Tissue clearing technology has transformed the field of microscopy, enabling researchers to study whole organs and tissues in their complete 3D structure. With continued advancements in tissue clearing and light-sheet imaging methods, the scientific community anticipates gaining more insights into the complexities of biological systems, leading to new discoveries and breakthroughs.
The tissue clearing procedure involves several steps, including delipidation, decolorization, decalcification, 3D staining, and refractive index matching. During the process, lipids, pigments, and minerals are removed from the tissues, and their refractive indices are matched to the surrounding media to achieve light penetration, thus enabling imaging and analysis of complete structures.

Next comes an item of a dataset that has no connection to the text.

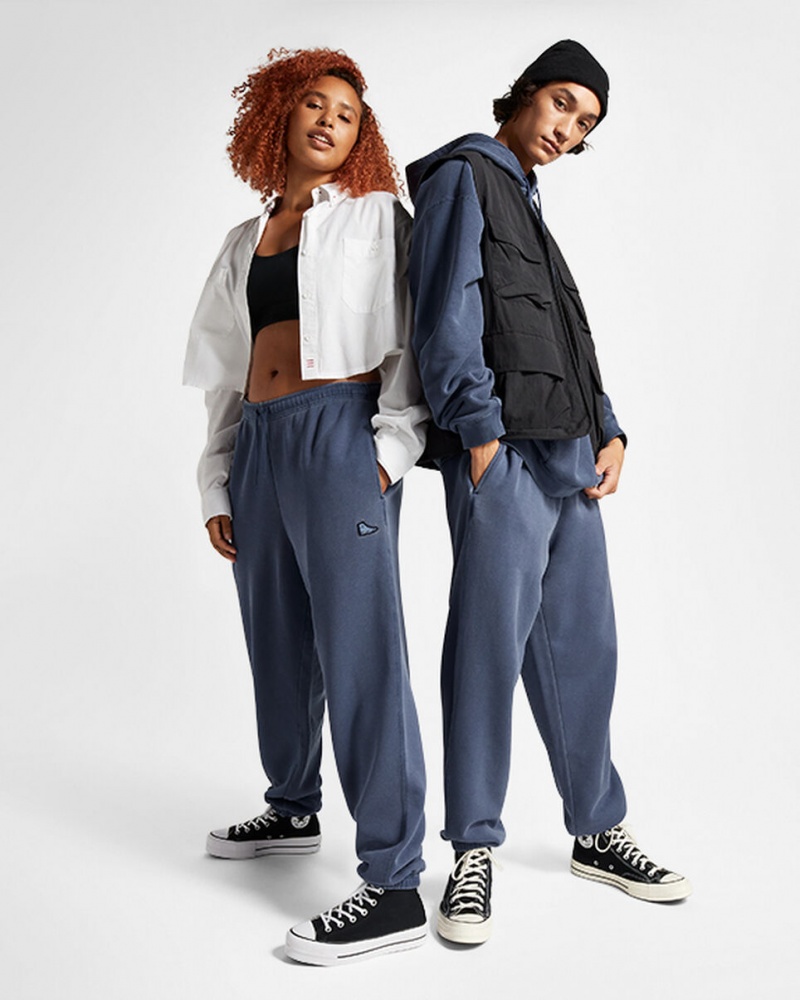 Converse Converse Go-To Sneaker Patch Loose-Fit Sweatpants Niebieskie | 780256-HDY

Delipidation is a crucial step to achieving strong clearing results. Lipids have a higher refractive index than the surrounding biocomponents and form vesicles, leading to strong light scattering. Decolorization involves the removal of pigments that can interfere with imaging, while decalcification is an additional step added when bones or calcified cartilage are part of the sample.
Chemical dyes and antibodies are typically used to stain the tissue to highlight specific structures. However, staining probe penetration is occasionally problematic, and highly optimized protocols such as CUBIC-HistoVIsion, iDISCO, and eFLASH should be applied to overcome this issue.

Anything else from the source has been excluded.